# WHAT IS BEING ASKED
An exact copy of all the lines below is required, with every image left out.

[Stored data]
----

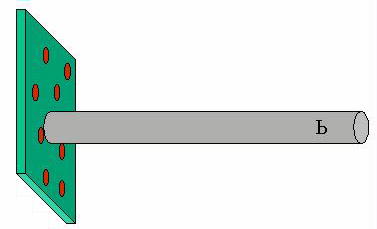 Il teorema di Gauss diventa ora da cui (E + u + + E u ) a = ρ aa 0 ±2E = ρ a 0 Il segno "+" vale se la carica sul piano è positiva ed il segno "-" in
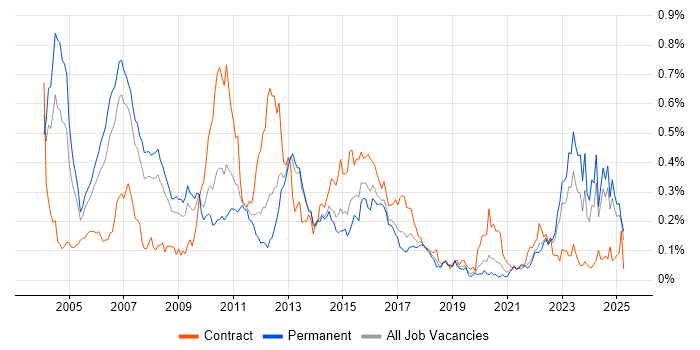 Job vacancy trend for Credit Risk in the North of England Job vacancy trend for Credit Risk in the North of England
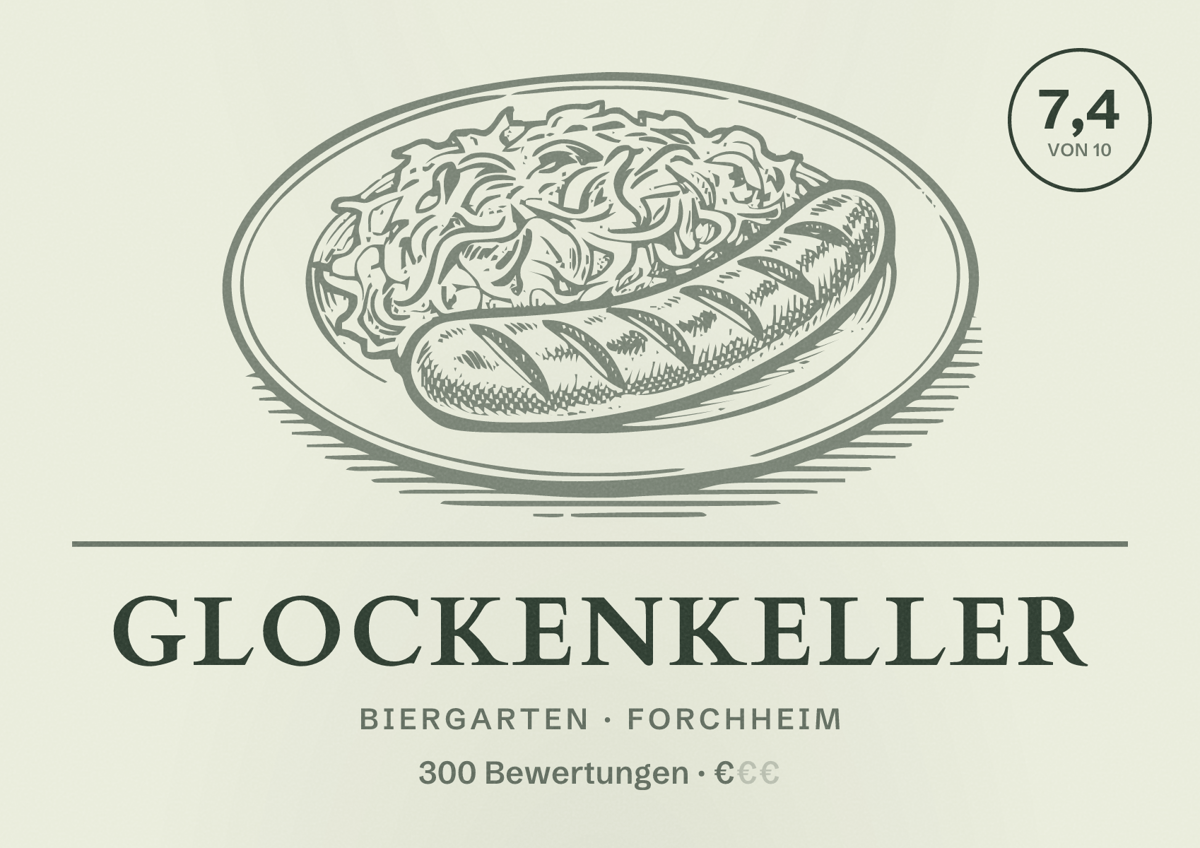 Illustriertes Poster von Glockenkeller, Biergarten in Forchheim: Bewertung 7,4 von 10 aus 300 Bewertungen, Preisniveau €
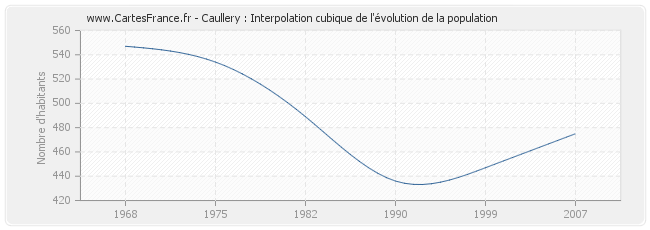 Caullery : Interpolation cubique de l'évolution de la population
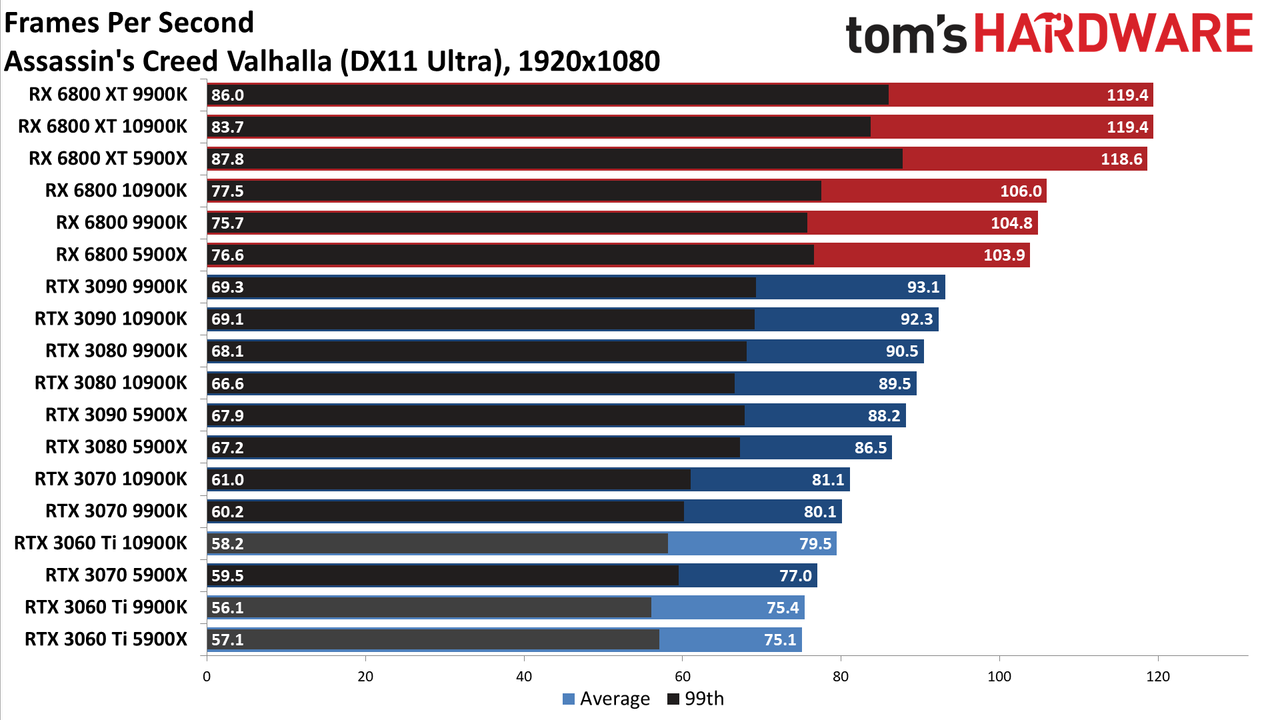 Nvidia GeForce RTX 3060 Ti FE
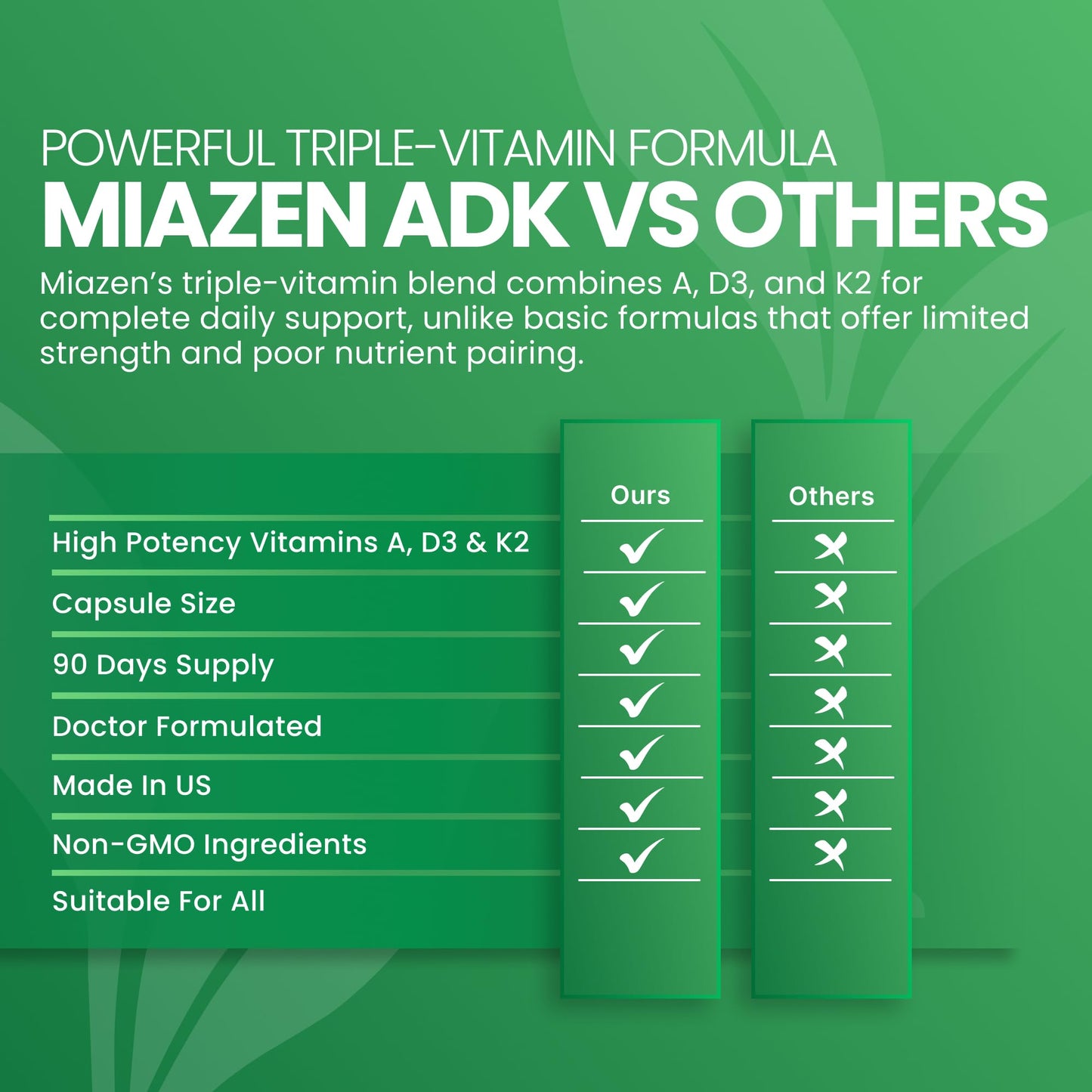 Miazen ADK 5 Vitamin Supplement 5000 IU Capsules, 90 Count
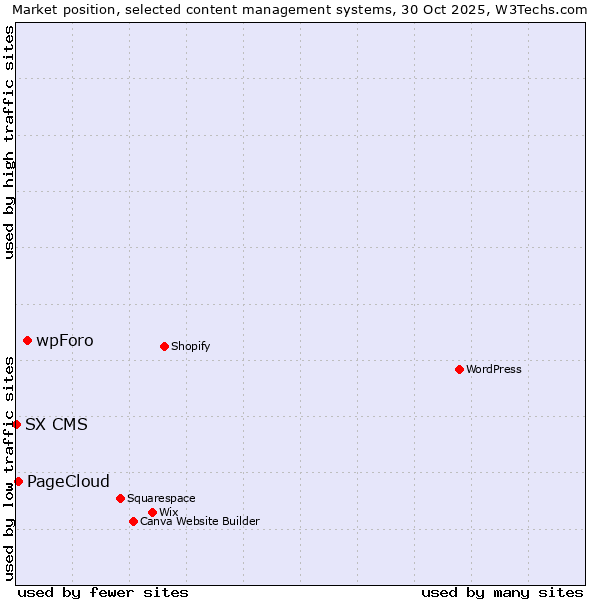 Market position of wpForo vs. PageCloud vs. SX CMS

----

# RESPONSE TO THIS EXERCISE
 Il teorema di Gauss diventa ora da cui (E + u + + E u ) a = ρ aa 0 ±2E = ρ a 0 Il segno "+" vale se la carica sul piano è positiva ed il segno "-" in
 Job vacancy trend for Credit Risk in the North of England Job vacancy trend for Credit Risk in the North of England
 Illustriertes Poster von Glockenkeller, Biergarten in Forchheim: Bewertung 7,4 von 10 aus 300 Bewertungen, Preisniveau €
 Caullery : Interpolation cubique de l'évolution de la population
 Nvidia GeForce RTX 3060 Ti FE
 Miazen ADK 5 Vitamin Supplement 5000 IU Capsules, 90 Count
 Market position of wpForo vs. PageCloud vs. SX CMS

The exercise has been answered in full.